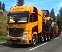 Mercedes-Benz Actros MP5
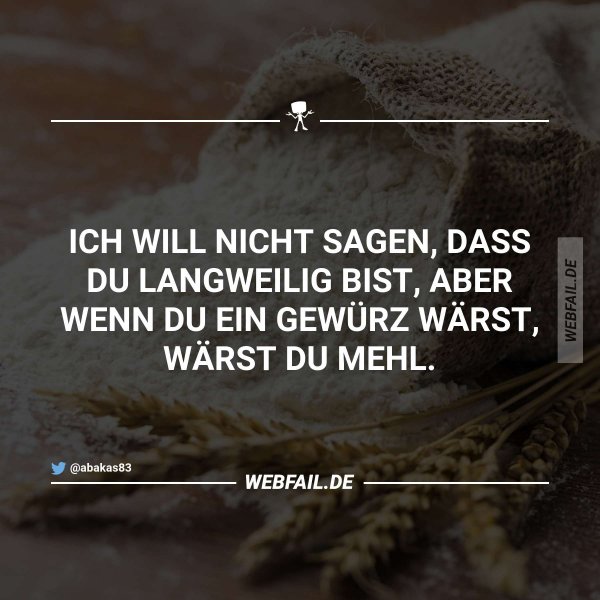 In der Kürze liegt die Würze Webfail Fail Bilder und Fail Videos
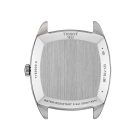 Tissot Stylist men's watch T159.909.16.043.00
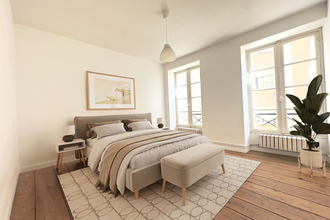 achat appartement villeneuve-sur-lot 47300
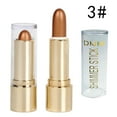 thumbnail image 1 of 1 Pack 3D Highlight Embellish Contour Highlighter Pencil Brighten Skin Face Makeup, #03, 1 of 3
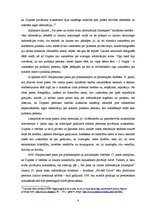 Referāts 'Fotožurnālista tiesības un pienākumi, privātuma aizsardzība', 6.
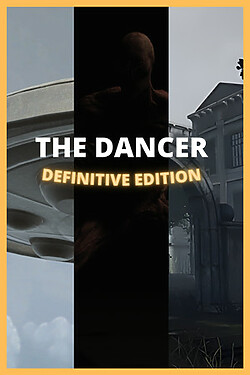 The.Dancer.Definitive.Edition-DARKSiDERS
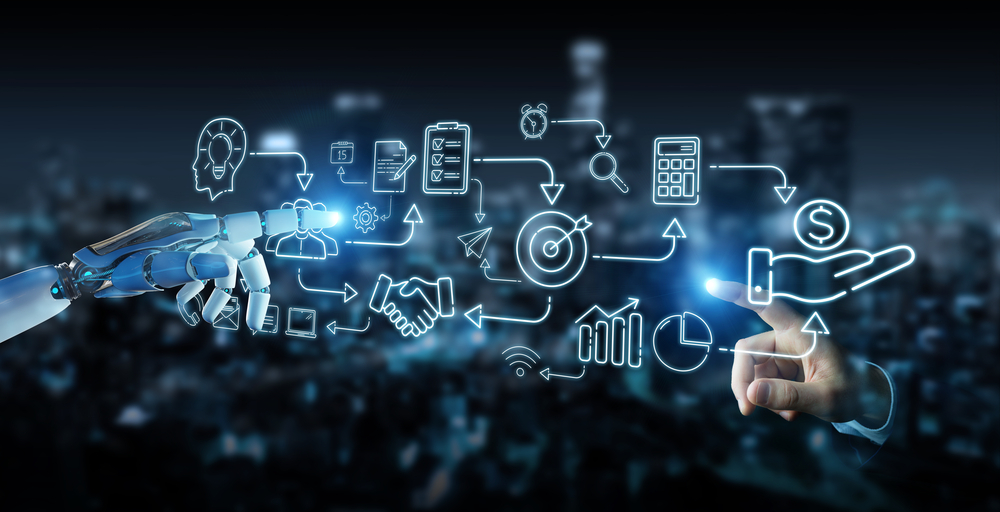 How AIOps and Observability Can Help IT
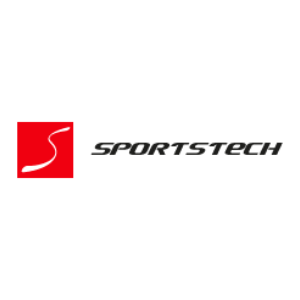  zum Sportstech                 Onlineshop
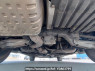 Used 2013 AT bmw x1 VL20 Image[37]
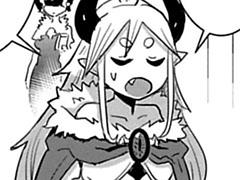 第15.5話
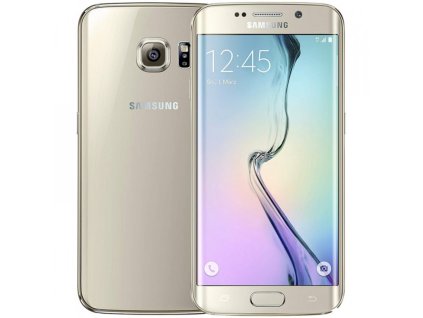 5178 samsung s6 edge sm g925f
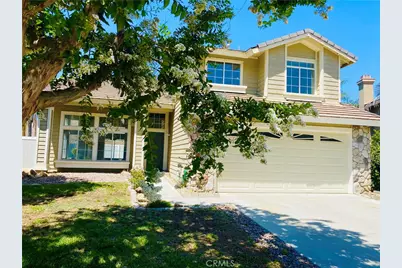 13220 Broken Bit Circle, Corona, CA 92883 - Photo 1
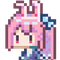 marokiki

________________________

▶ **Goal of the exercise**: Begin with the line that has "Tissot Stylist men's" and continue to the last line of the entries, printing each line exactly and nothing else; include both ends and skip the pictures.

▶ **Answer space**:
 Tissot Stylist men's watch T159.909.16.043.00
 achat appartement villeneuve-sur-lot 47300
 thumbnail image 1 of 1 Pack 3D Highlight Embellish Contour Highlighter Pencil Brighten Skin Face Makeup, #03, 1 of 3
 Referāts 'Fotožurnālista tiesības un pienākumi, privātuma aizsardzība', 6.
 The.Dancer.Definitive.Edition-DARKSiDERS
 How AIOps and Observability Can Help IT
  zum Sportstech                 Onlineshop
 Used 2013 AT bmw x1 VL20 Image[37]
 第15.5話
 5178 samsung s6 edge sm g925f
 13220 Broken Bit Circle, Corona, CA 92883 - Photo 1
 marokiki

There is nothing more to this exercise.